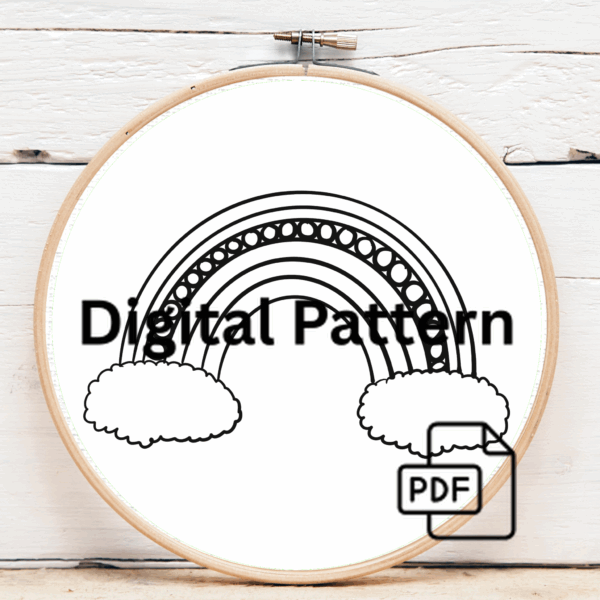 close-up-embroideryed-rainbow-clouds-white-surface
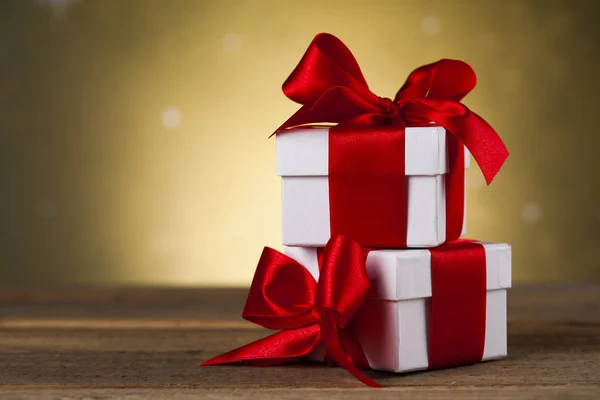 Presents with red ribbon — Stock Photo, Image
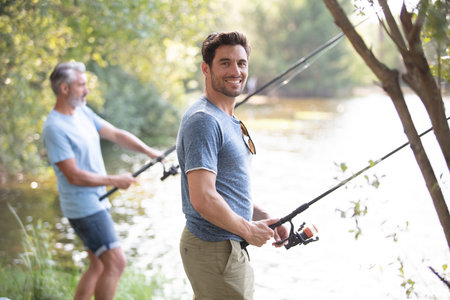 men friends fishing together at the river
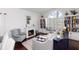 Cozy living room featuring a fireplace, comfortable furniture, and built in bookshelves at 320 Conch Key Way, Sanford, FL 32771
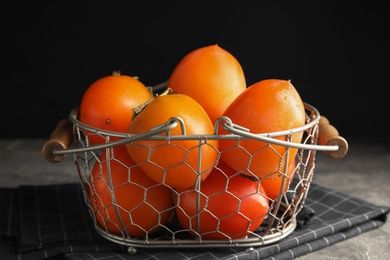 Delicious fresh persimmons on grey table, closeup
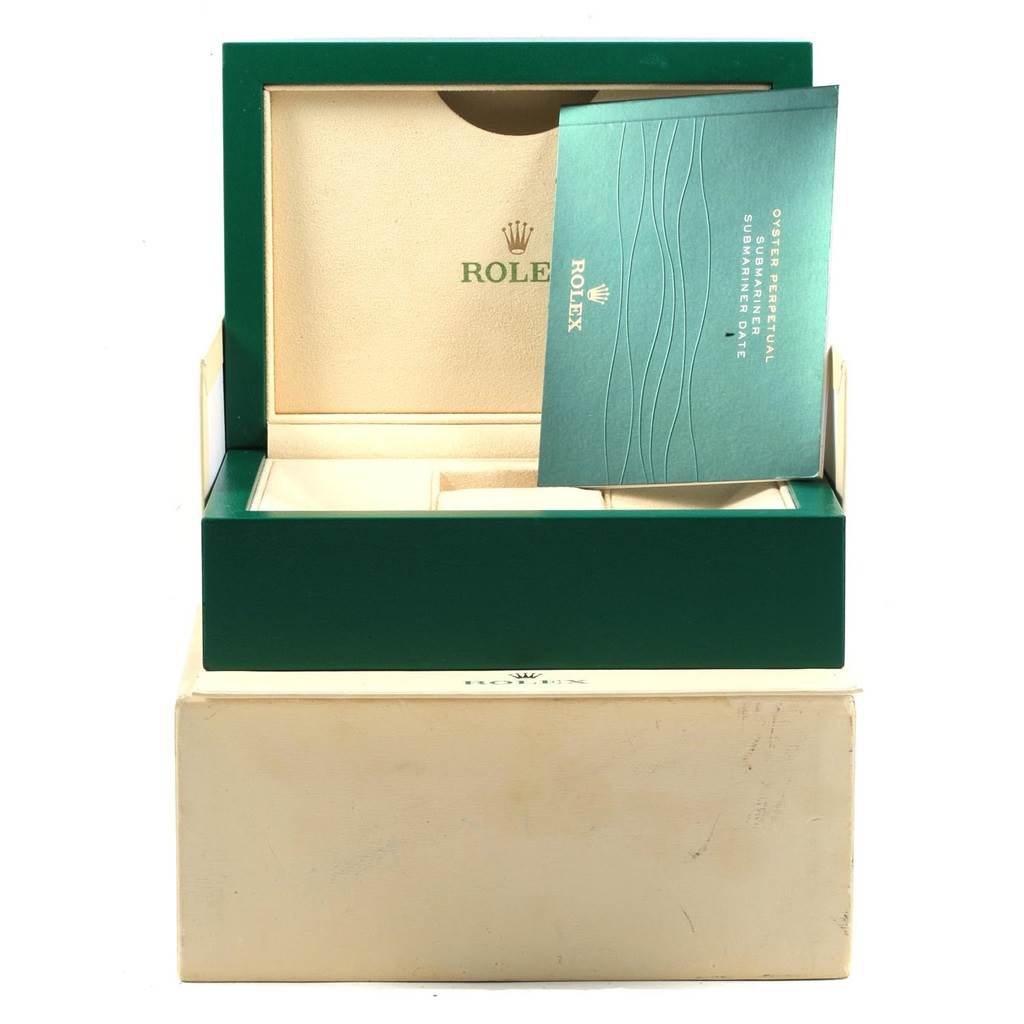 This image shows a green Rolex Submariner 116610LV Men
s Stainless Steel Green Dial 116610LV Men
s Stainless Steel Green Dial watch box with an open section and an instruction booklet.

================

◆ Action item ◆
Print the data again, word for word, without any pictures.

◆ Answer ◆
 close-up-embroideryed-rainbow-clouds-white-surface
 Presents with red ribbon — Stock Photo, Image
 men friends fishing together at the river
 Cozy living room featuring a fireplace, comfortable furniture, and built in bookshelves at 320 Conch Key Way, Sanford, FL 32771
 Delicious fresh persimmons on grey table, closeup
 This image shows a green Rolex Submariner 116610LV Men
s Stainless Steel Green Dial 116610LV Men
s Stainless Steel Green Dial watch box with an open section and an instruction booklet.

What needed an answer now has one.